If you are a business owner, even a very ambitious one, you may find that it can be tempting sometimes to simply rest on your laurels. After all, things are going well–don’t you deserve a break? But it’s time like these that are the best for taking a look at your business and thinking about what you might need to do differently or where you need to apply extra pressure. The points below are all ones to consider during what are, relatively speaking, down times.
1. Improve Your Fleet Management
Having a fleet of vehicles and drivers can add a layer of complexity to your business. There are essentially three related areas you need to consider: safety, reducing costs, and compliance. For the first, you may want to consider installing dash cams if you haven’t done so already. There are Samsara cameras that can boost the safety of your vehicles, allowing you to monitor driver behavior and make adjustments as needed.
Dash cams offer a measurable return on investment, which is a factor in point two, cost reduction. Looking at ways to reduce fuel and other costs, streamline maintenance and stay on top of compliance might lead you to software that allows more comprehensive fleet management and that takes some of the burden of paperwork off your drivers. Attending to the overall health of your fleet as a business owner is an invaluable use of your time and is definitely a project to be tackled if you haven’t done so already.
2. Look for Leaders
This is also a great time to identify who among your employees has real potential. When things are frantic and you’re in a reactive mode, this can be tough to do. When things are quiet, you have time to sit down with your staff and get a sense of who you might want to mentor, who is going the extra mile and who is especially good in certain areas, whether that’s managing people, dealing with data, or just keeping the office running smoothly.
Some of the current top HR trends are geared towards exactly that.
Try to schedule one-on-ones with employees to chat with them about their department, their needs, and their vision for their own career and their future with your company. This can help create a culture of communication and openness. Consider whether it be useful to create training or educational opportunities for them. Here are some other things to consider. Should you be doing more delegating? Is there a talented person on your staff who is underutilized? Do you see areas where improvement is needed? What kind of ideas do your employees have? You will likely come away with some valuable data even if you don’t act on it immediately.

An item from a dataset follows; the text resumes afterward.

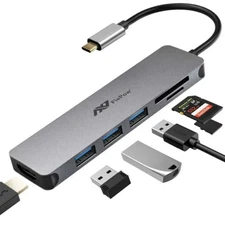 FlePow Dock Station USB Type C Hub Pro Model UCN 328 HDMI SD & Mini 3.0 Silver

3. Check Out the Competition
Just because you knew what the competition was up to when you launched your business or even a few months ago doesn’t mean you are on top of now. A lull is a good time to see what your competitors are doing, figure out if you can learn from it and think about if you might need to shift your strategy in response to that. Even if nothing significant has changed, you might want to consider whether you need to expand your marketing strategy.
Do you need to launch or upgrade a digital marketing plan? Have you built a strong social media presence for your business? Is there an audience that would welcome your product or service that you should try to reach? Come up with a plan and a specific set of criteria that will help you measure whether you are successful.
4. Set Goals
One of the most important things you can do during this time is take a look at your goals.

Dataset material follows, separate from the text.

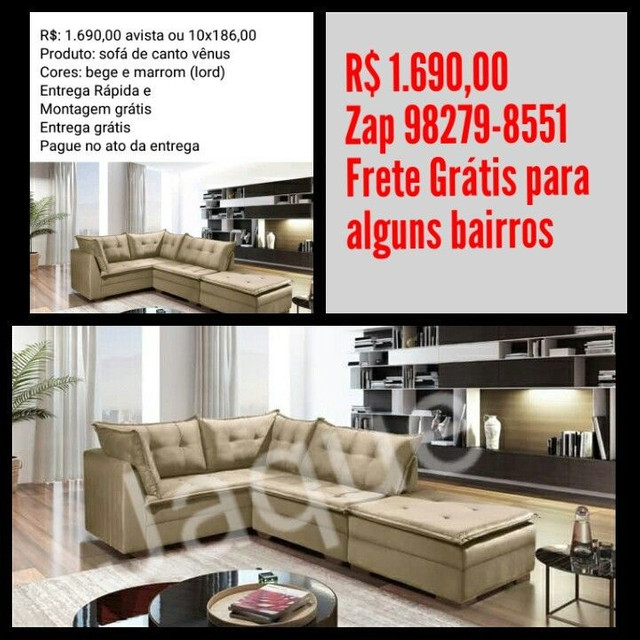 Sofá de Canto Vênus/ Frete Grátis para maioria dos bairros.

In a bigger sense, you should take a look at your company’s mission statement and think about whether you remain on track to fulfill it. If not, do you need to revise it? If so, do your goals still support it? What kind of progress have you made on reaching them? It may be time to set new goals. This is another good thing to talk to your employees about. Find out what challenges people are dealing with and get feedback on the direction they think their department or the company overall should take. This doesn’t mean that you need to follow every suggestion, but this will give you a good picture of what some people who are engaged with some of your company’s processes on a daily basis think need to be done.

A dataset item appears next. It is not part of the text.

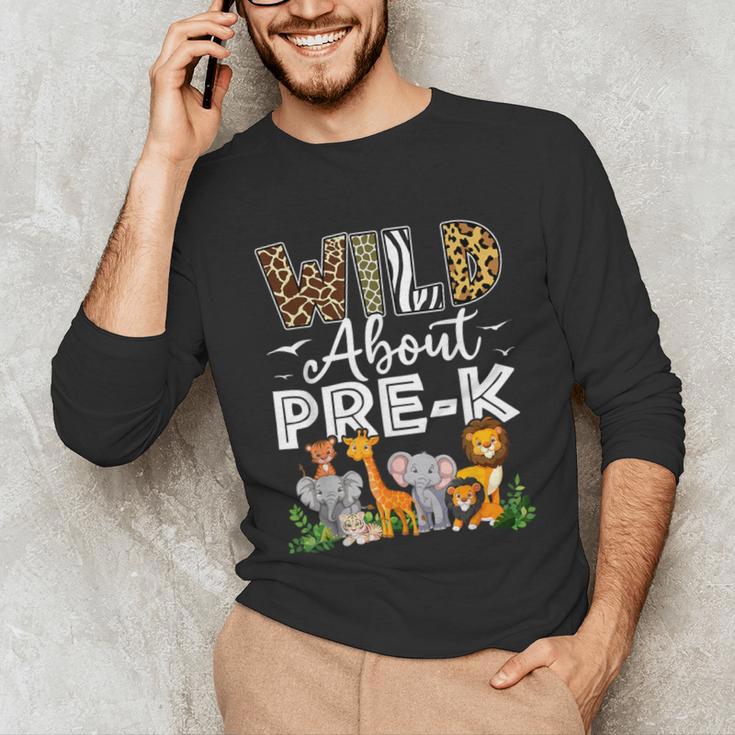 Pre-k Teacher Kids Back To School Wild About Pre-k Unisex Long Sleeve T-Shirt, funny gift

You could also take this time to reach out to your customers or clients and see what they have to say. Put together surveys and offer incentives for those who respond. With the information that you have gathered, examine whether it’s time to create new goals. If you do make new ones, be sure that they are concrete, have a time frame attached them and have a way for you to measure your progress built in to them. You might think in terms of using them to push your boundaries, to take new risks after a period of complacency.
5. Look at Your Finances
This is also not a bad time to look much more closely at your finances. How you approach this will vary based on the size and complexity of your business. You may need to work with financial professionals in order to do this, or it might be something you can do on your own. Even if you run a very small business, you may be surprised at how easy it is to lose track of day-to-day finances. Consider how much you are bringing in and what is going out.
Does your cash flow look healthy? How much do you have on hand if your business took a dip, or you just had trouble collecting on some invoices? Take a look at your costs as well.
Are there places where you could reduce them? Alternately, you might realize this is the time to spend more. Maybe you need to recruit more employees or give some of the current ones a rise. Perhaps there is office equipment that needs an upgrade or other expenditures that are necessary at this time.